Ceux-ci n'ont d'ailleurs pas été nombreux à faire de la plaidoirie de l'Afrique du Sud une actualité majeure du 11 janvier, préférant s'intéresser, pour le troisième jour consécutif, au remaniement gouvernemental dont le détail n'a été connu qu'en soirée. Si plusieurs médias français ont bien rappelé les arguments de Pretoria - qui accuse Israël d'actes "commis dans l’intention de détruire, ou tout ou en partie, un groupe national, ethnique, racial ou religieux" - la plaidoirie n'a pas été retransmise en direct sur les chaînes d'information en continu en France.

Dans la presse, lorsqu'on en parle, c'est pour relativiser la situation, voire défendre Israël, comme le Figaroquidécrit un "soupçon infâmant" de l'Afrique du Sud contre l'État hébreu. "Israël accusé de génocide : comment l'État hébreu compte se défendre", titre pour sa part l'Express. Un article du Monde de sa correspondante sur place retrace les arguments des deux parties, mais souligne dès le titre que l'Afrique du Sud s'est "efforcée de démontrer" le "comportement génocidaire" d'Israël à Gaza.

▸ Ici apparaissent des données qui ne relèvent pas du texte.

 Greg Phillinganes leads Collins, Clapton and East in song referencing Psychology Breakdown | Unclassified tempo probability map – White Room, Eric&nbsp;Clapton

Libération se contente d'un article de CheckNews sur les enjeux de la procédure pour chaque partie, et d'un paragraphe dans le "récap" du jour, qui ne résume pas la plaidoirie mais précise que Netanyahu pense que l'Afrique du Sud se comporte comme "le bras juridique de l'organisation terroriste Hamas".

Sur Franceinfo, la différence de traitement est frappante. Le 11 janvier, pour la plaidoirie de l'Afrique du sud, le site a republié une dépêche AFP. Le 12, en revanche, le site a ouvert une page spéciale, tenue par deux journalistes et alimentée en "DIRECT" tout au long de la journée pour couvrir la défense israélienne. Ailleurs, la procédure de la Cour internationale de justice ne mérite pas mention : priorité à Gabriel Attal, Alain Delon et la neige (BFMTV), le remaniement (CNews), l'Ukraine et Taïwan (LCI). À l'international, on observe une tendance semblable à celle de Franceinfo : la plaidoirie sud-africaine n'a pas été retransmise sur la BBC ou SkyNews le 11. Mais celle d'Israël a fait l'objet d'une diffusion en direct sur les deux chaînes. Le monde - en tout cas, le monde médiatique occidental - ferme les yeux, ou n'en ouvre qu'un.